* _Material provided_
####################

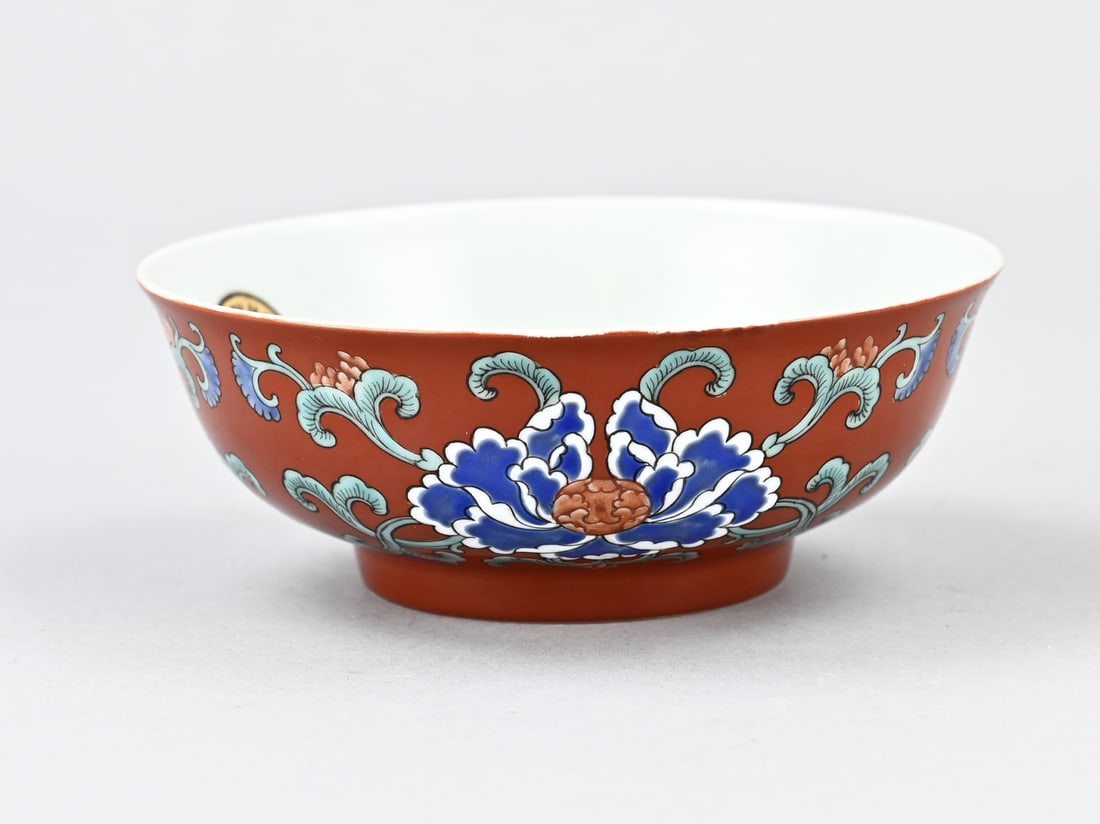 Chinese bowl Ø 12.3 cm.: Chinese porcelain bowl with peony decoration + brown/red glaze. Base mark. Dimensions: H 4.8 x Ø 12.3 cm. In good condition.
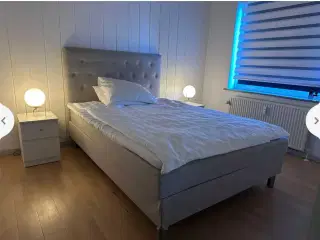 Komplet soveværelse sælges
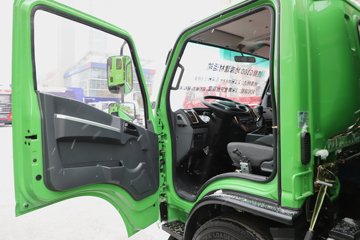 �������ó� ����G100 2.5L���� 155���� 4X2 ��ʿ��8�� 3.3�׵�����ж��ͼƬ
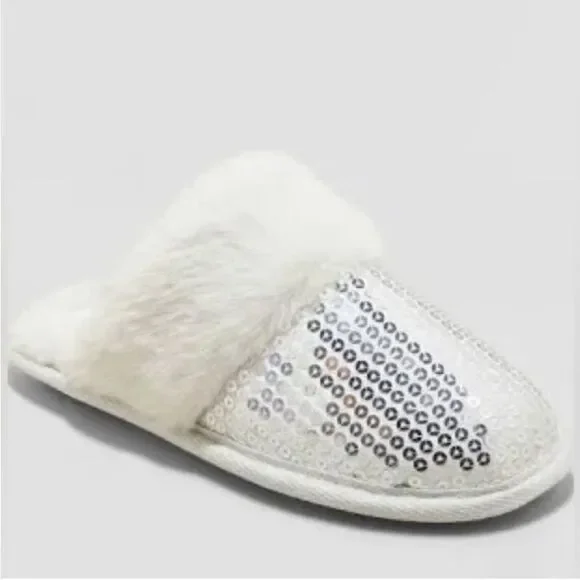 NEW Cat & Jack™ Silver Lane Sequin Scuff Slippers L 4/5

####################

* _Aim of the exercise_
Each line from the one containing "4X2 ��ʿ��8�� 3.3�׵�����ж��ͼƬ" through the last line of the listing must be copied exactly, and the pictures must not be.

* _Exercise result_
 �������ó� ����G100 2.5L���� 155���� 4X2 ��ʿ��8�� 3.3�׵�����ж��ͼƬ
 NEW Cat & Jack™ Silver Lane Sequin Scuff Slippers L 4/5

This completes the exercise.